Starting in April 2025, European fintechs will be eligible for direct access to the European Central Bank’s Target payment systems, enabling non-bank payment service providers to enhance their services. Library photo: Shutterstock

Starting in April 2025, European fintechs will be eligible for direct access to the European Central Bank’s Target payment systems, enabling non-bank payment service providers to enhance their services. Library photo: Shutterstock

In a landmark decision, the European Central Bank will allow non-bank payment service providers access to its settlement systems, increasing competition, lowering costs and improving transaction speed, but with strict limits on fund holdings and regulatory oversight.
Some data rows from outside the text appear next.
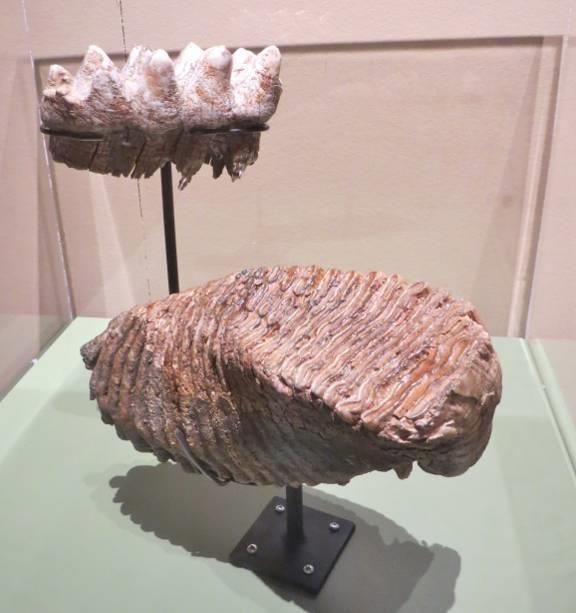 One case showed the differences between mastadon and mammoth teeth, while the other showed the differences in size between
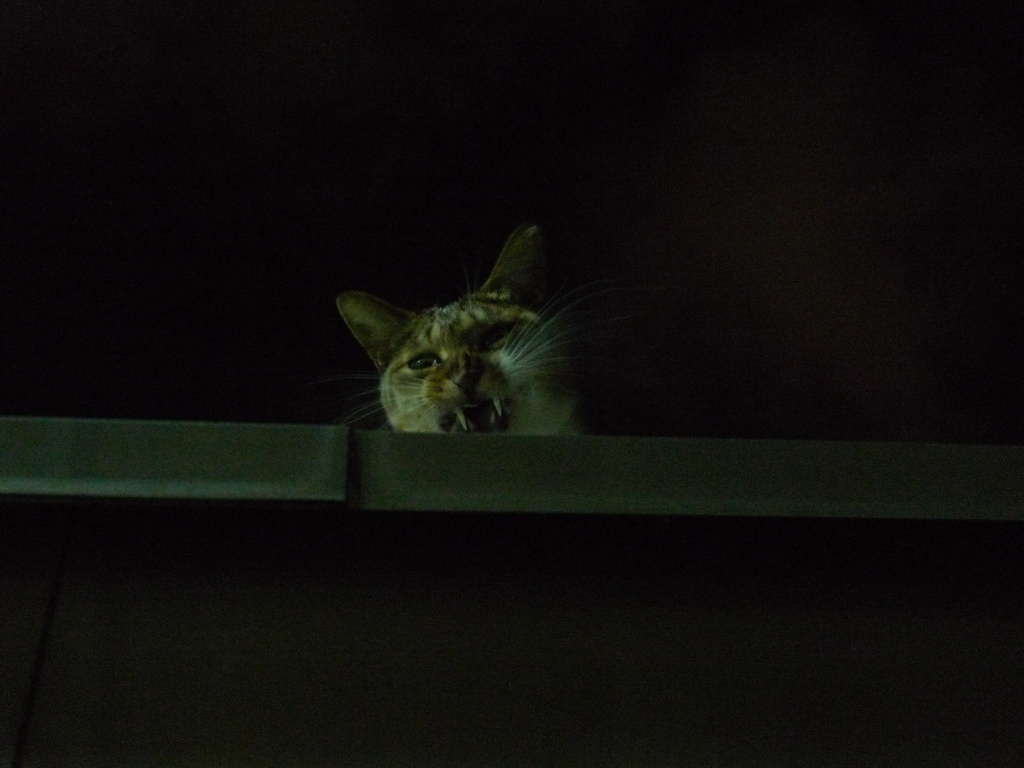 真夜中の猛獣
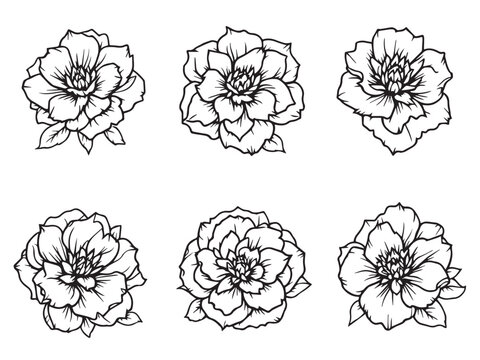 camellia botanical vector sketch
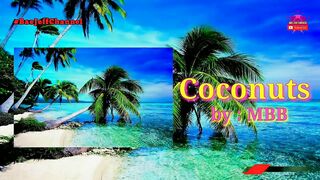 Coconuts - MBB | No Copyright Background Travel for Vlog | Bae Jeff Channel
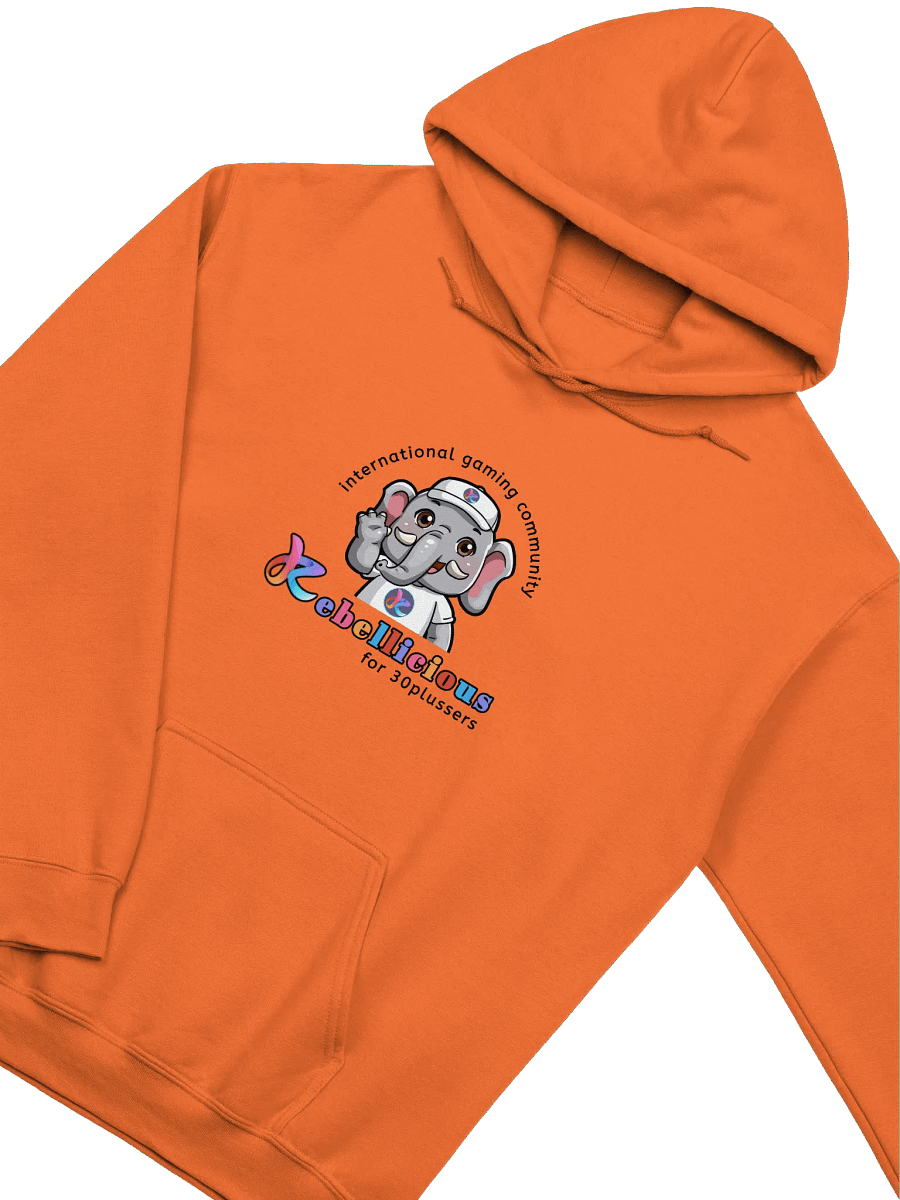 Gildan Classic Hoodie product image (3)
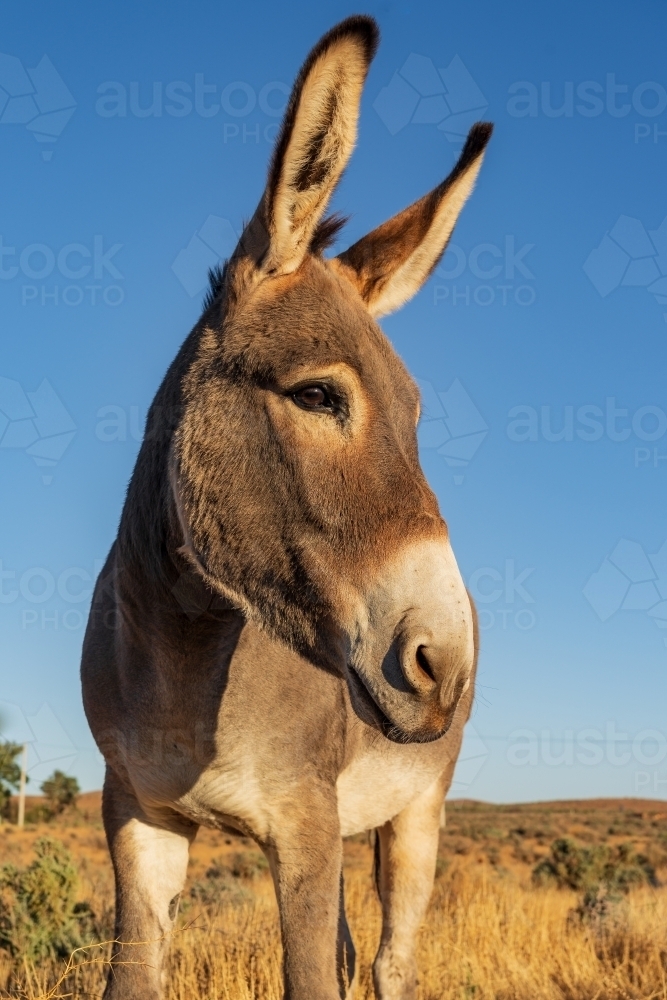 Side on view of a donkey's head with big ears against a blue sky - Australian Stock Image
In a significant policy shift for Europe’s financial framework, the European Central Bank’s governing council on 27 January 2025 announced a decision that will change payment systems across the eurozone. For the first time, non-bank payment service providers such as PayPal, Revolut, Klarna, N26 and Stripe, amongst others, will gain direct access to central bank infrastructure, breaking the long-standing monopoly of traditional banks in these systems. Set to take effect on 9 April 2025, this change is expected to increase competition and alter how financial transactions are processed in Europe.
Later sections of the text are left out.